Doom Ribbons est un nouveau groupe comprenant en son sein le guitariste/improvisateur/compositeur Shane Perlowin qui ne se contente donc pas de publier à un rythme soutenu des disques avec Ahleuchatistas ou sous son propre nom – il a même mis en ligne au début de cet été un nouvel album solo, Shaking The Phamtom Limb. Comme une frénésie d’enregistrements mais ne nous en plaignons pas.
A l’image d’Ahleuchatistas, Doom Ribbons est un duo, avec également James Owen à la batterie, aux samples et à la voix. On note la présence d’une poignée de musiciens invités : Meghan Mulhearn (U.S Christmas) au violon, August Hoerr (avec lequel Shane Perlowin a également monté Ashes In Order) à l’accordéon, Joseph Burkett à la contrebasse ainsi que Tyler Kittle au saxophone ténor et Simon Goldberg à la trompette. Inutile de préciser que, dans ces conditions, The Violence, The Violence est d’une variété pour ne pas dire d’une versatilité que l’on avait encore jamais entendues du côté de Shane Perlowin en solo ou d’Ahleuchatistas.
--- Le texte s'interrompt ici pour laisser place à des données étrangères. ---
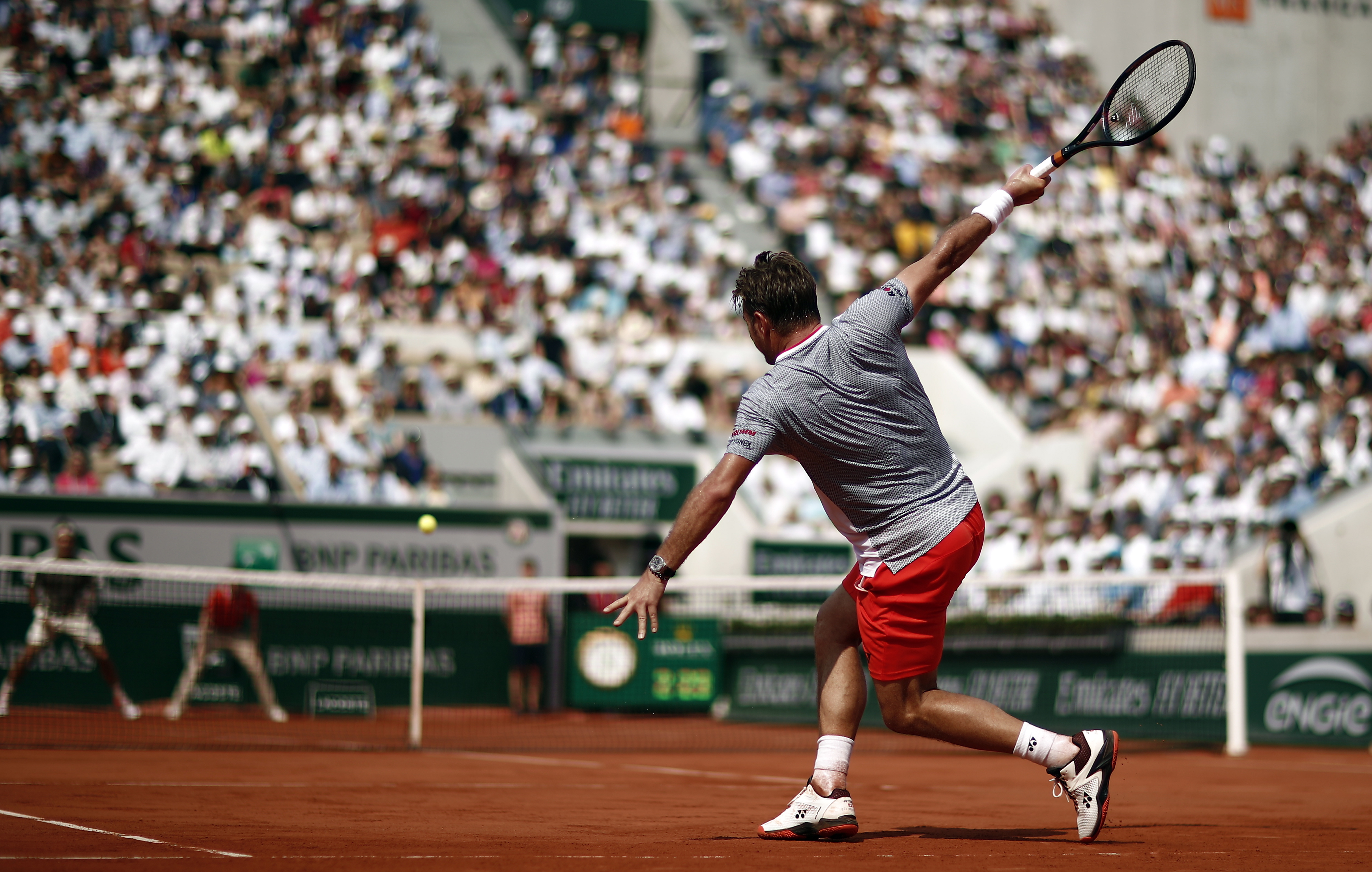 lol竞猜-美国网球队翻盘西班牙网球队，费德勒统治全场的简单介绍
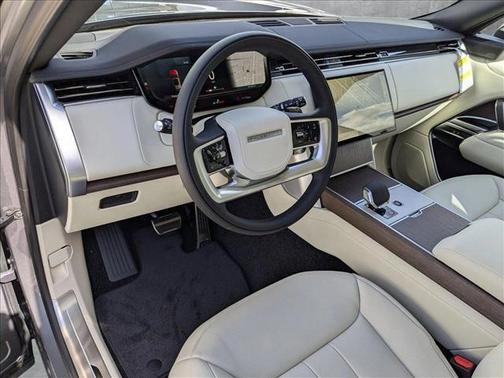 2025 Land Rover Range Rover P530 SE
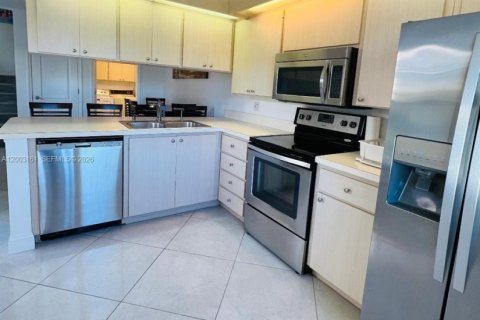 Townhouse in Boynton Beach, Florida 2 bedrooms, 127.65 sq.m. № 2069212 - photo 7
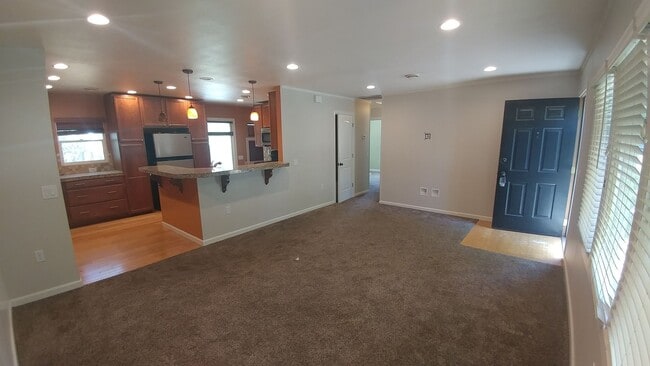 Building Photo - Charming Richland Home with Spacious Layou...
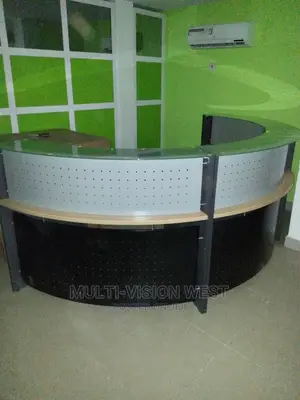 Receptionist Table C-Class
Doom Ribbons est surtout clairement plus « expérimental ». Un mot qui fait un peu peur, qui fait mal ou qui provoque le dégoût voire le mépris mais il s’agit bien de cela, d’expérimenter, c'est-à-dire, ici, d’aller trifouiller toujours plus loin dans des voies que l’on pensait déjà dûment explorées mais de toujours vouloir rester dans le cadre d’une certaine simplicité, d’immédiateté. Le prix à payer en contrepartie c’est le côté très décousu de The Violence, The Violence – six compositions, six optiques différentes –, aspect décousu qui parfois prévaut y compris au sein d’un même titre (Food For The New State, trop indécis et Drmfdbk, trop intentionnellement contemporain, même si la fin rattrape largement le début).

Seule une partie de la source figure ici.